'The Boer losses are said to be over 700 men.'[#]
[#] This statement does not appear in the Times report of General Buller's telegram.--TRANSLATOR.
No, General, we did not lose 700 men that day.
General Botha's report gave 8 dead and 20 wounded, while more than 2,000 English lay on the battle-field.
Round about the batteries especially the carnage had been terrible. The Boers, ambushed on a little kopje on the further side of the Tugela, 300 metres from the cannon, kept up an unerring fire for an hour.
December 15, be it noted, has long been a day of rejoicing in the Transvaal. It is the anniversary of the Battle of Bloedriver, when Pretorius, to avenge the massacre of Pieter Retief and over 500 Boers, defied the bands of the Zulu chief Dingaun. This was on December 15, 1838, and on that eventful day Pretorius and his 400 men left 3,000 Zulus on the field, with a loss of only three wounded themselves.
After Colenso the victors had another splendid opportunity. They might have pushed forward with the armies of Natal and the Free State. The English troops had, it is true, been reinforced, but the arms of the Republics were still victorious in every direction.
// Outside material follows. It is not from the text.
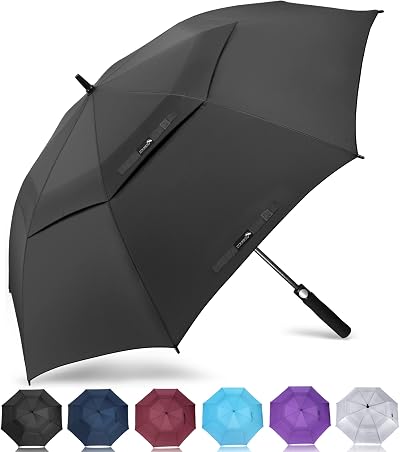 ZOMAKE Golf Umbrella 62in Windproof Double Canopy Auto Open Black Red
In the beginning, on the whole, the elements of success were overwhelmingly with the Boers. These were superiority of numbers, of marksmanship, a profound knowledge of the country, of which no accurate maps exist, and the great distances between their opponents and such reinforcements as the latter could depend on. It might have been said that the fortune of war, taking into account the right and justice of their cause, had been pleased to place all the elements of victory in their hands. But neither the advice offered by the most authoritative voices and based on the great teachings of military history, nor the entreaties dictated by the most generous devotion to the cause of the Boers, could rouse the superiors in command from the apathy that seemed to have overtaken them.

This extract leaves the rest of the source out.